Group and Aggregate by One or More Columns in Pandas

Pandas comes with a whole host of sql-like aggregation functions you can apply when grouping on one or more columns. This is Python’s closest equivalent to dplyr’s group_by + summarise logic. Here’s a quick example of how to group on one or multiple columns and summarise data with aggregation functions using Pandas.

Imports

import pandas as pd

Create a Toy Dataset

In this case, say we have data on baseball players. We know their team, whether they’re a pitcher or a position player, and their age. With this data we can compare the average ages of the different teams, and then break this out further by pitchers vs. non-pitchers.

data = {"Team": ["Red Sox", "Red Sox", "Red Sox", "Red Sox", "Red Sox", "Red Sox", "Yankees", "Yankees", "Yankees", "Yankees", "Yankees", "Yankees"],
		"Pos": ["Pitcher", "Pitcher", "Pitcher", "Not Pitcher", "Not Pitcher", "Not Pitcher", "Pitcher", "Pitcher", "Pitcher", "Not Pitcher", "Not Pitcher", "Not Pitcher"],
		"Age": [24, 28, 40, 22, 29, 33, 31, 26, 21, 36, 25, 31]}
df = pd.DataFrame(data)
print(df)
Team Pos Age
Red Sox Pitcher 24
Red Sox Pitcher 28
Red Sox Pitcher 40
Red Sox Not Pitcher 22
Red Sox Not Pitcher 29
Red Sox Not Pitcher 33
Yankees Pitcher 31
Yankees Pitcher 26
Yankees Pitcher 21
Yankees Not Pitcher 36
Yankees Not Pitcher 25
Yankees Not Pitcher 31

Group By One Column and Get Mean, Min, and Max values by Group

First we’ll group by Team with Pandas’ groupby function. After grouping we can pass aggregation functions to the grouped object as a dictionary within the agg function. This dict takes the column that you’re aggregating as a key, and either a single aggregation function or a list of aggregation functions as its value. To apply aggregations to multiple columns, just add additional key:value pairs to the dictionary.
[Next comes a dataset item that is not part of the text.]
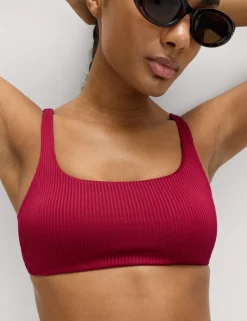 Ribbed Scoop Neck Bikini Top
# group by Team, get mean, min, and max value of Age for each value of Team.
grouped_single = df.groupby('Team').agg({'Age': ['mean', 'min', 'max']})

print(grouped_single)
Team mean min max
Red Sox 29.333333 22 40
Yankees 28.333333 21 36

Applying multiple aggregation functions to a single column will result in a multiindex. Working with multi-indexed columns is a pain and I’d recommend flattening this after aggregating by renaming the new columns.
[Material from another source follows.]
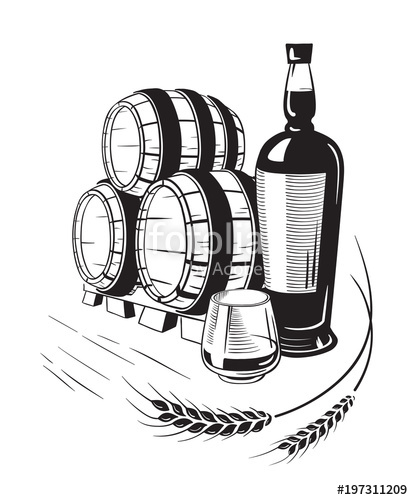 413x500 sketch whiskey bottle and glass and barrel hand drawn drink - Whiskey Drawing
You’ll also see that your grouping column is now the dataframe’s index. Reset your index to make this easier to work with later on.

# rename columns
grouped_single.columns = ['age_mean', 'age_min', 'age_max']
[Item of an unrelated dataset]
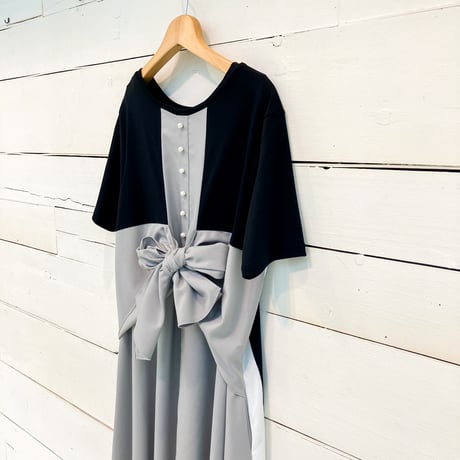 【GALENA】 バイカラーバックリボンワンピース【70060-7105】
# reset index to get grouped columns back
grouped_single = grouped_single.reset_index()

print(grouped_single)
Team age_mean age_min age_max
Red Sox 29.333333 22 40
Yankees 28.333333 21 36

Grouping by Multiple Columns

It’s simple to extend this to work with multiple grouping variables. Say you want to summarise player age by team AND position. You can do this by passing a list of column names to groupby instead of a single string value.

grouped_multiple = df.groupby(['Team', 'Pos']).agg({'Age': ['mean', 'min', 'max']})
grouped_multiple.columns = ['age_mean', 'age_min', 'age_max']
grouped_multiple = grouped_multiple.reset_index()
print(grouped_multiple)
Team Pos age_mean age_min age_max
Red Sox Not Pitcher 28.000000 22 33
Red Sox Pitcher 30.666667 24 40
Yankees Not Pitcher 30.666667 25 36
Yankees Pitcher 26.000000 21 31